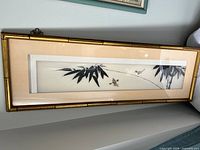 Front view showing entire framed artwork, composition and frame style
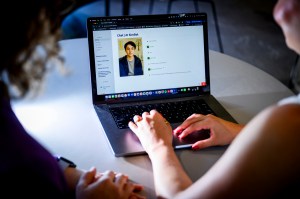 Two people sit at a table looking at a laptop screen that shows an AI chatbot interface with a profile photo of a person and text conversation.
========================================
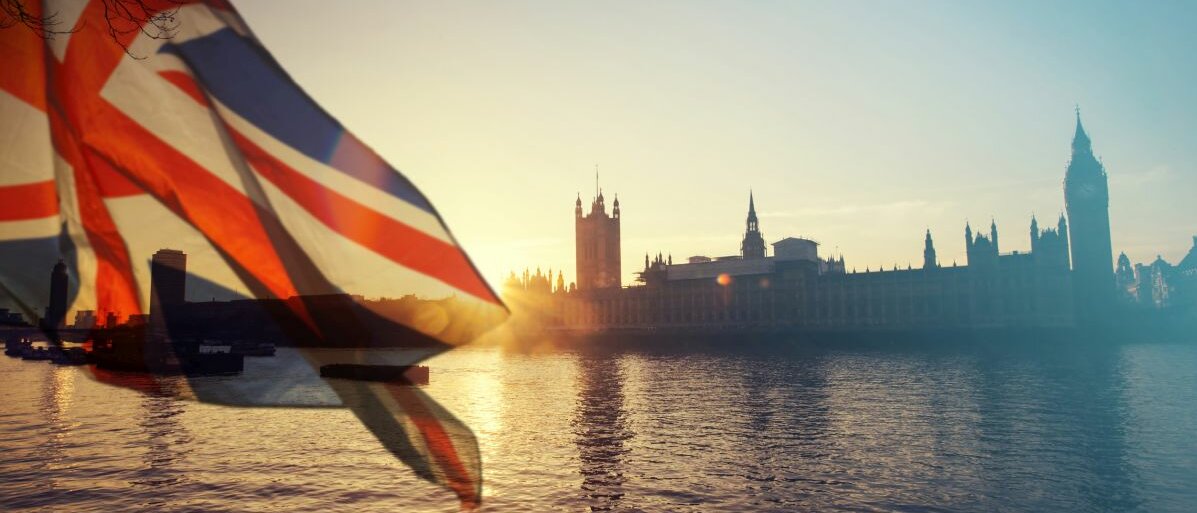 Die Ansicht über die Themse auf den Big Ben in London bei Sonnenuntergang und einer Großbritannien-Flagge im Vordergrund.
========================================
» What the exercise asks: Using the data above, give again exactly the lines starting at the one holding "Front view showing" and ending at the one holding "Two people sit", inclusive, and nothing more. Omit the pictures.

» Exercise output:
 Front view showing entire framed artwork, composition and frame style
 Two people sit at a table looking at a laptop screen that shows an AI chatbot interface with a profile photo of a person and text conversation.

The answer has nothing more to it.